» COLLECTED MATERIAL:
============

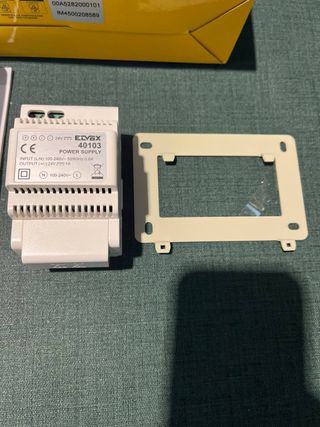 Monitor adicional Vimar K42932 con teclado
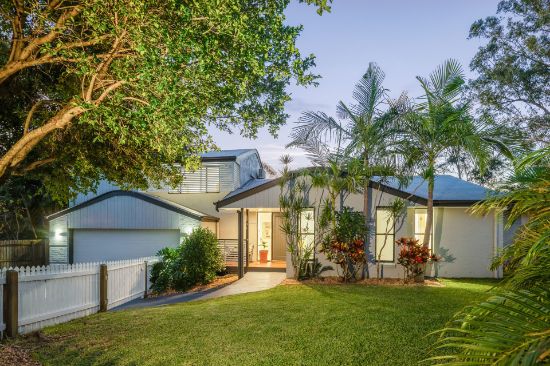 12 Westminster Court, Brookfield, Qld 4069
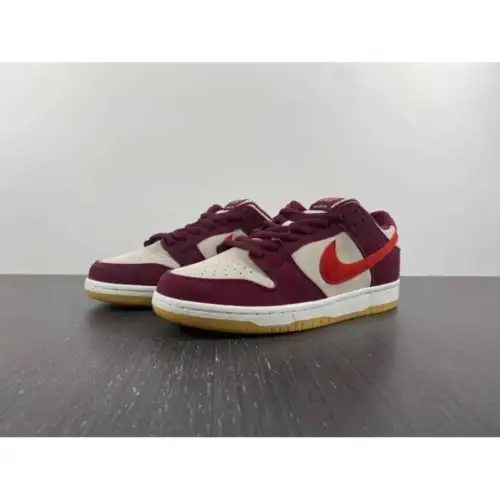 Skate Dunk Like a Girl x Dunk Low SB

============

» TASK PROMPT: For this exercise, write the listing out again exactly, excluding all images.

» RESPONSE TO THIS EXERCISE:
 Monitor adicional Vimar K42932 con teclado
 12 Westminster Court, Brookfield, Qld 4069
 Skate Dunk Like a Girl x Dunk Low SB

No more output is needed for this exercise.